There are twelve projects in all. We divide into three groups and begin in a group session with the mentor assigned to us, Francisco Frazao. We try to talk our pieces into being. Everyone is searching for the form.
We eat a stupid amount of food. Great food. After lunch we go to our studio and light a fire. The smoke billows back into the room. The smell is beautiful nevertheless. We hear no news. Trump is absent for once. I’m glad of that, he makes me feel reckless. I wanted to say wanton but should check it’s meaning. We are properly away, deep in the countryside.
We discuss the relevance of the films, which are our jumping off point, and then I begin to list dicks I saw but never asked to see. The others seem to think it’s to do with where I’m from, Cork. To be fair there were a lot of dicks, pricks, mickeys, winkies – whatever you call them – when I was young.
Then, between showers, the sun raked through the clouds and we walked still talking/laughing pricks, and what is wrong with people, by the lake, by the globs of frog spawn everywhere, by the hedges on the verge of the road and spring in this borderland where enmity has been managed and suppressed and thanks to stupid fucking Brexit a border is taking deep breaths and putting down roots and finding the old ones are still there, intact. Lurking beneath. ‘Yeah,’ our colleague says, ‘Bombs, burning, places being destroyed, it’s only a matter of time’. He should know, he’s from Belfast.
February 27th, 2017
We show some ideas and read some material to the others in our group and momentarily feel as if we are moving forward. We then work in the studio trying different perspectives and scales of performance, awkward improvisations, and back ourselves into a corner by talking in the same circles. Our walk takes a different route. We hang a right by the lake along a muddy path, which is blocked by a fallen tree. Seems like it’s been there a while. We will not go backwards. The decision is emphatic and we climb through the tree slimy with lichen and moss to be met by barking dogs.
The dogs give up when they see us forge ahead. A cocky little Jack Russell follows for a while then gives up and goes home. We meet nobody. No cars.
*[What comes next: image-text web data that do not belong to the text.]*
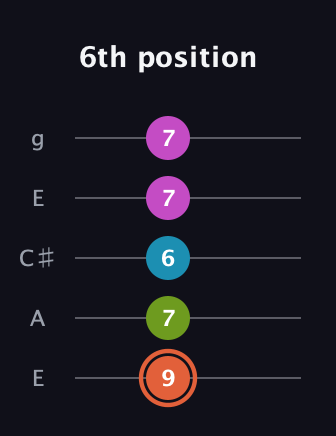 C♯ Half-Diminished 7th Sharp 9th guitar tab — 6th position (9 7 6 7 7) in Open G (gDGBD) · Capo 2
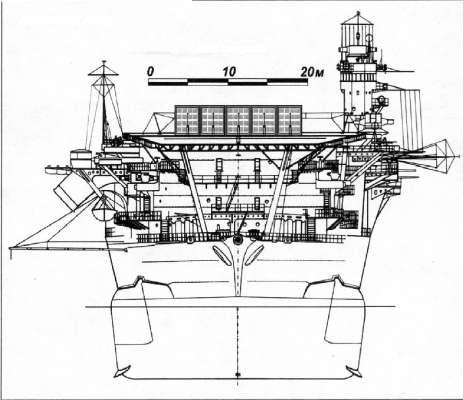 Авианосец AKAGI: от Пёрл-Харбора до Мидуэя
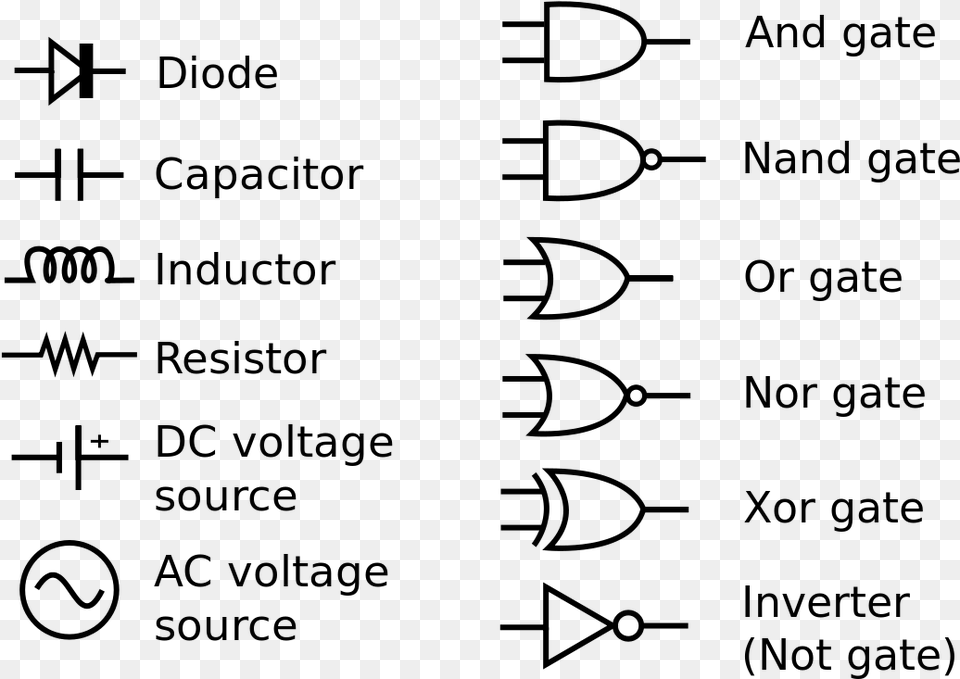 Basic Electronics Components Symbols, Gray Free Png Download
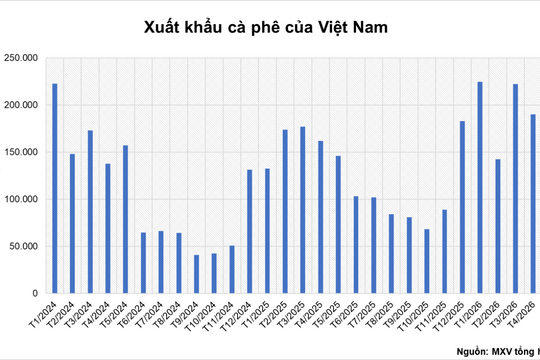Giá đồng lập đỉnh gần 3 tuần, giá cà phê tiếp tục suy yếu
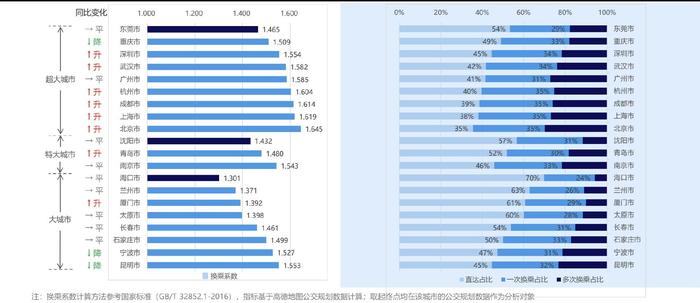 骑行出行意愿排名第一！三季度海口的公交换乘系数在大城市中最小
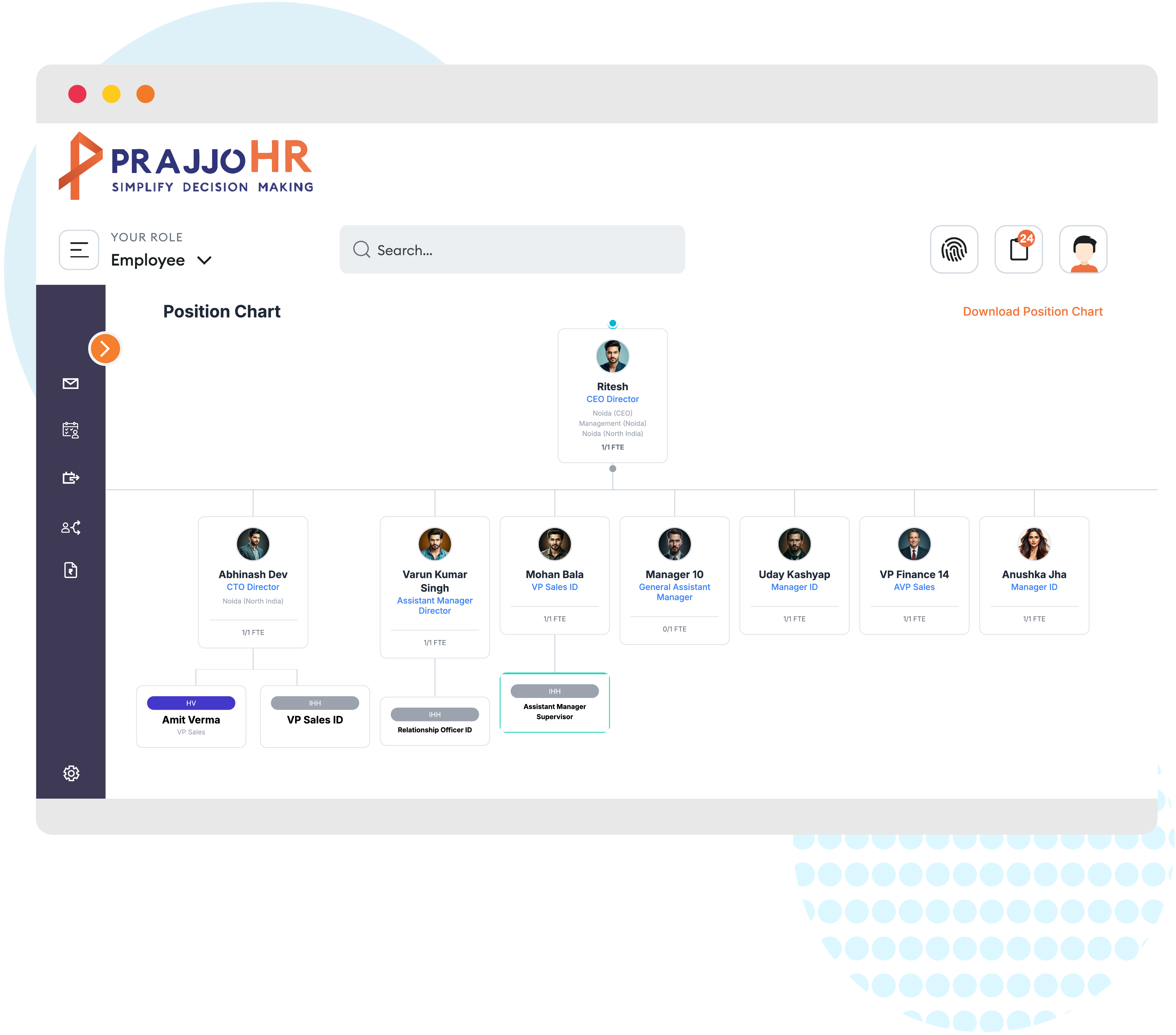 PrajjoHR Departmental Structure Dashboard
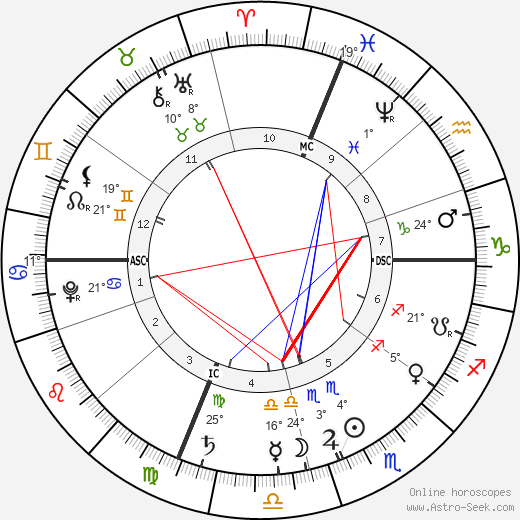 Domenico Scarlatti birth chart, biography, wikipedia 2024, 2025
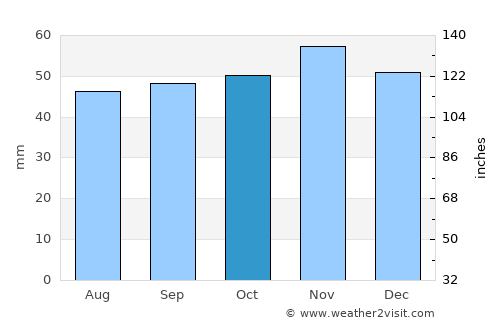 Mistley average rain in October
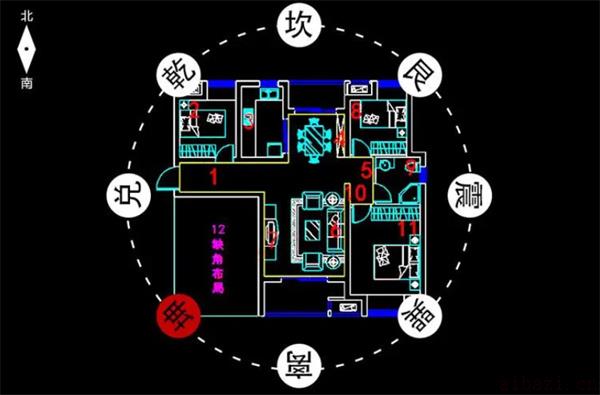 可以让自己顺风顺水的风水布局 怎样布局风水让自己顺风顺水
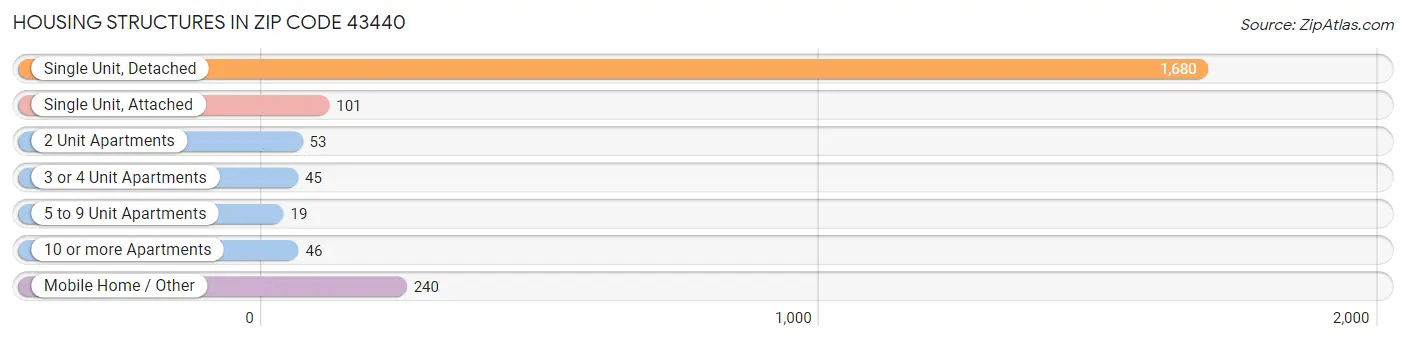 Housing Structures in Zip Code 43440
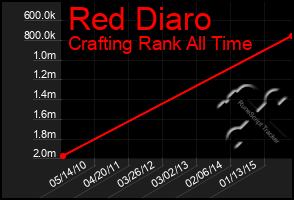 Total Graph of Red Diaro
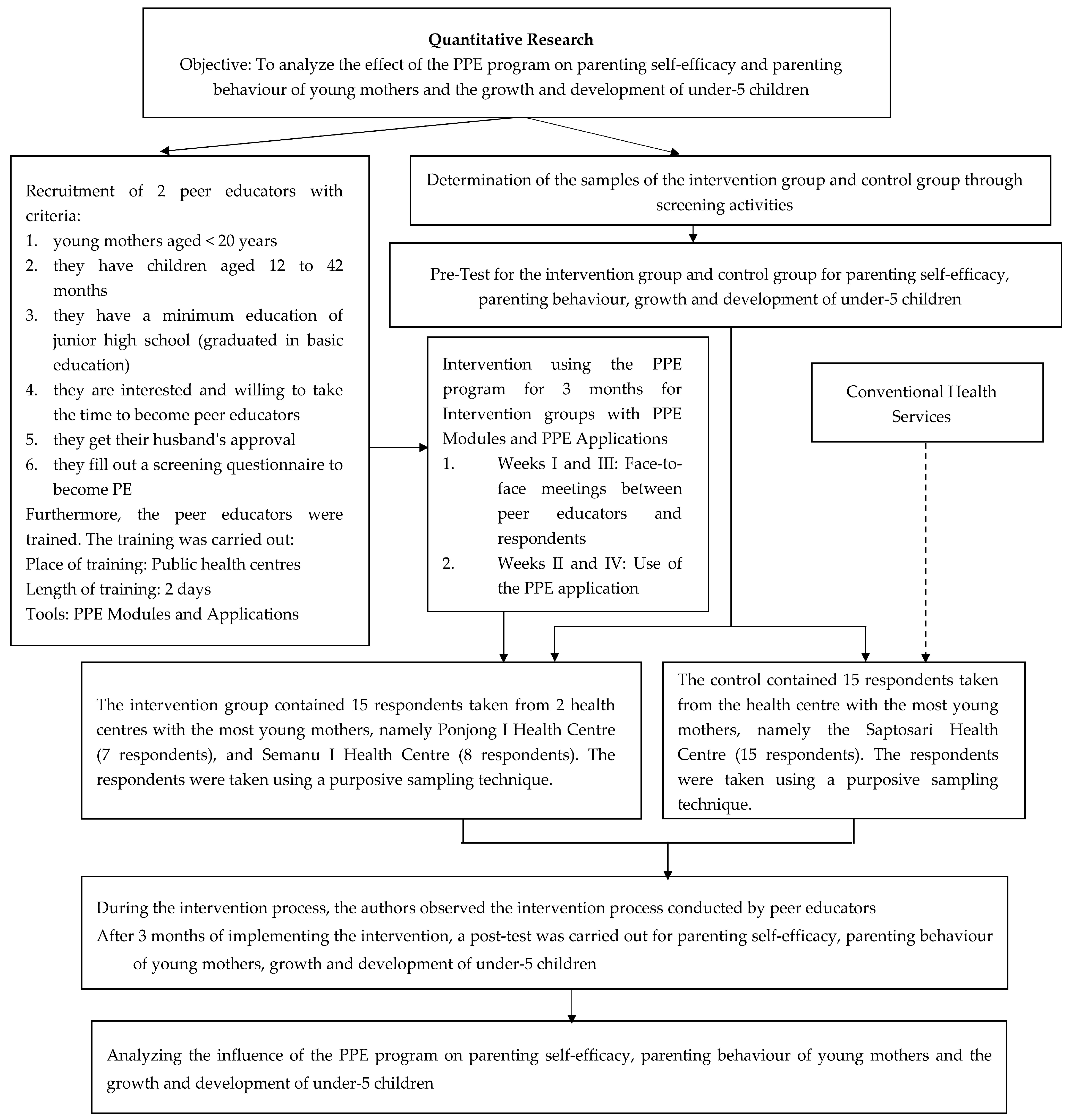 Children 10 00338 g001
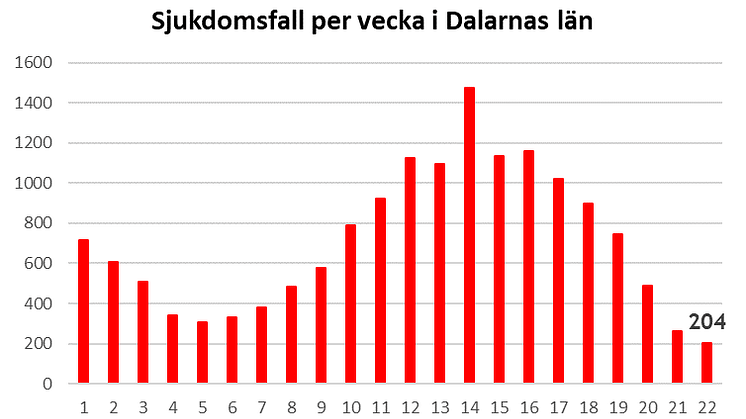 Länsstyrelsen informerar om läget i Dalarnas län 11 juni 2021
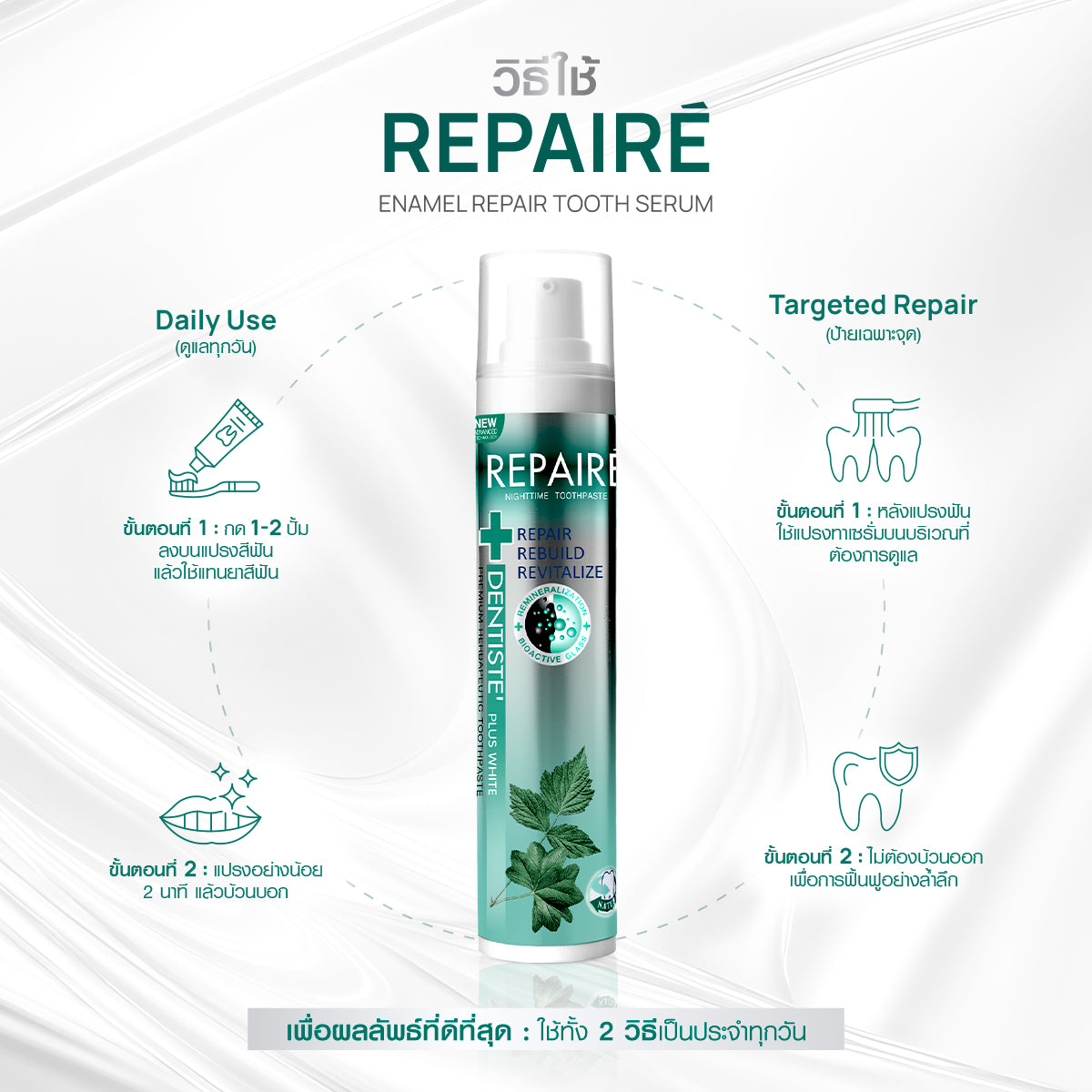 Dentiste' Repaire-ReX3 70g. เซรั่มฟัน+ยาสีฟัน 2in1 เพิ่มเนื้อผิวฟันให้แข็งแรง ป้องกันฟันผุ ฟรี Magic Brush x2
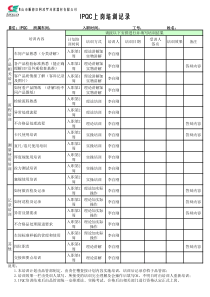 IPQC培训记录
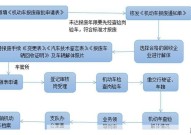 郑州私家车报废年限是多久？如何办理报废手续？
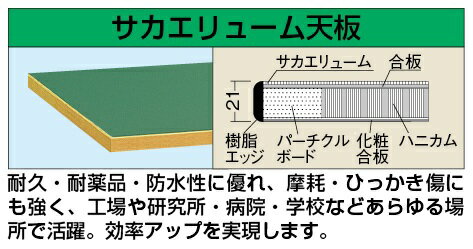 【個人宅配送不可】軽量作業台KSタイプ KS-097FIG【代引き不可】 2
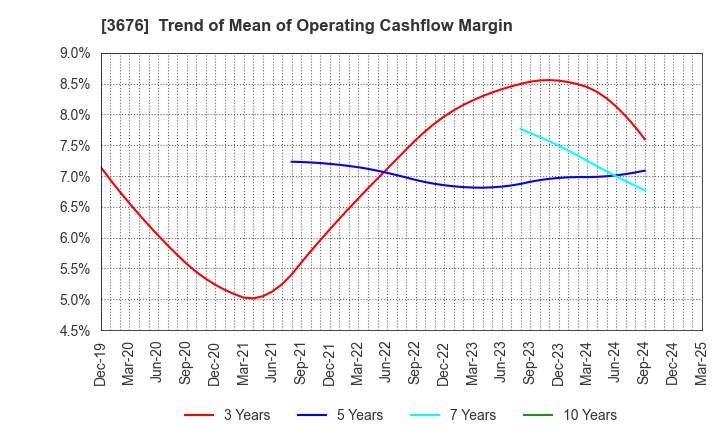 3676 DIGITAL HEARTS HOLDINGS Co., Ltd.: Trend of Mean of Operating Cashflow Margin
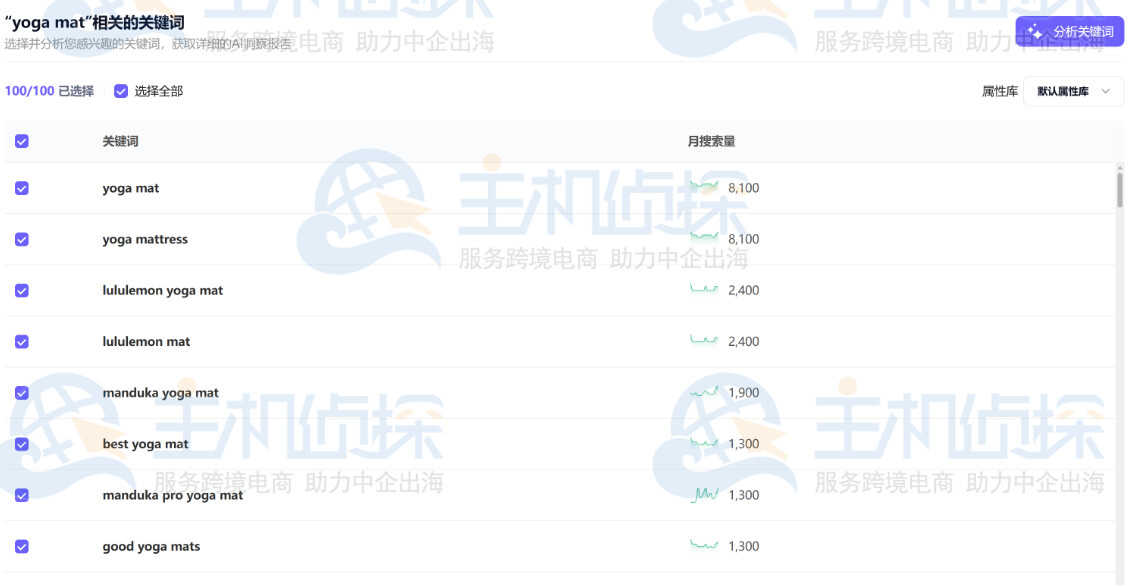 Shulex谷歌关键词可视化结构报告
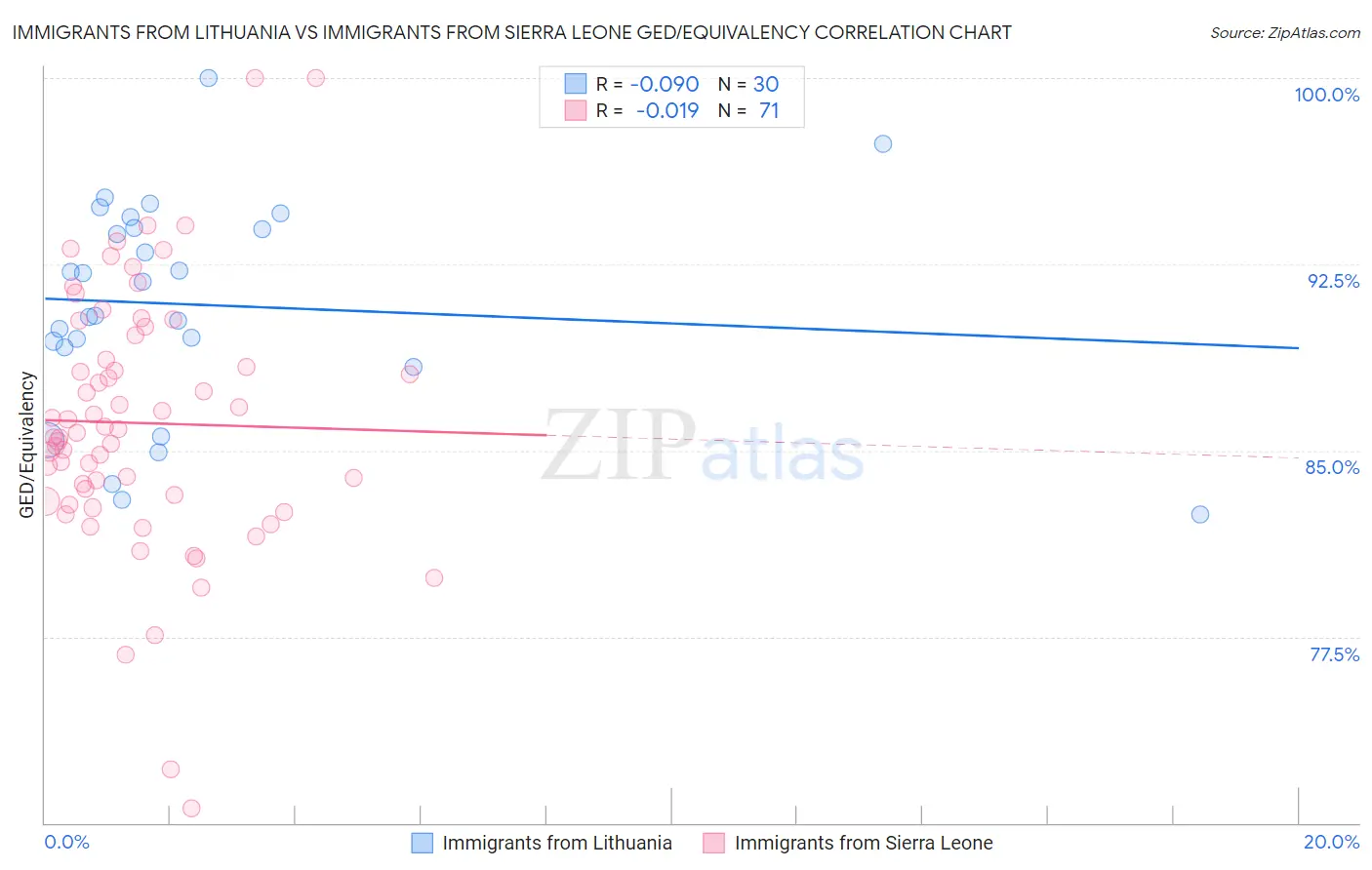 Immigrants from Lithuania vs Immigrants from Sierra Leone GED/Equivalency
After dinner we watch wonderful work from Mariano Pensotti from Buenos Aires and salute the maker with whiskey. Back to our cottage under a sky littered with stars. Snowdrops everywhere. I take yesterday’s fortune cookie from the arse pocket of my muddy jeans – Don’t enter awards competitions. Just don’t. It’s not good for you. Beneath I’ve written Bruce Mau – An Incomplete Manifesto for Growth. This was from the third mentor, Maiko Yamamoto.
February 28th, 2017
I haven’t kept a diary since I was about twenty so this is very retrograde. Weirdly, the man running this place is somebody I was in art school with when I was twenty. There’s something so lovely about that ease with somebody you know from your formative years. Straight back to where we were. All sorts of memories, people, music, parties. We are alarmingly the same decades later. Our group show their work to each other. There’s something very tender about it and it also strikes me how the work reflects the people so absolutely. I read from my first play – a section about dicks. Maybe it’s me! How recognisable we are through what we make. That said, everybody seems to have had a difficult day subsequently, as my collaborators and I did. Maybe it’s a Tuesday thing. Francisco arrives and we talk through the direction we are going in with him. What a luxury to have these great brains at our disposal.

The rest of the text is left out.